Devlet nerede diye soruyordu devletzede. Devlet tam da oradaydı aslında. Kameraların karşısında, enkazın üzerindeydi. Bize çimento hisselerinin arttığını gösteren karmaşık grafiklerin; Bayraklı bölgesinde kira fiyatlarını yarı yarıya arttıran, deprem sırasında işyerini terk eden işçilerin maaşlarından kesinti yapan karanlığın içindeydi. Yarattığı enkazın tepesine çıkıp poz veren bakanın ta kendisiydi. Deprem olurken bir mağazada kıyafet deneyen bir kadının, üzerinde kıyafetle mağazadan çıkmasına izin vermeyen güvenlik görevlisine, o kadını durdurtan dürtüydü. Tepemize çöken kolonlar, vücudumuza giren kirişler, ağzımıza doluşan toz duman, ayağımızı sıkıştıran beton, tümüyle enkazın ta kendisiydi devlet. Deprem olur olmaz, gölgesini hiç eksik etmedi İzmir’in üzerinden.
Depremin Devası, Devletin Derdi: Dayanışma
Depremden sonra İzmir’in belli noktalarında dayanışma çadırları kuruldu. İzmir’de yüzlerce gönüllü, evi yıkılan devletzedelerin ihtiyaçlarını paylaşmak için stantlar kurdular. Battaniye, gıda malzemeleri, çorba, yemek, kitap, kimin elinde ne varsa, olmayanla paylaşıyordu. Aşık Veysel rekreasyon alanında depremde yaşamını yitiren Arda Baran Demir’in anısına, onun adı verilen bir kitaplık kurulmuştu. Devlet hemen dikildi kitaplığın tepesine. Polis amiri “savcıya anlatırsın bandrolsüz kitap dağıtmak nasılmış” diyerek insanları tehdit ediyordu. Polisler kitapların hepsini toplayıp kitaplığı dağıttılar.

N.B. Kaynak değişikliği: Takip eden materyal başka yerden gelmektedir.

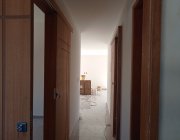 14ª CASA EM RESIDENCIAL CENTRO DA SERRA- SERRA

Devlet Manavkuyu’da açılan dayanışma standlarına da uğradı tabii ki. Dayanışma malzemelerini dağıtarak toplamda 9 gönüllüyü gözaltına aldılar. Akıl alır gibi değil evet. Depremden sonra evsiz kalan insanların ihtiyaçlarını paylaşmak için gönüllülerin kurduğu dayanışma standına saldırdı devlet.
Bu kadar şeyin üzerine gerçekten insan düşünmeden edemiyor değil mi? Depremzede miyiz, devletzede mi?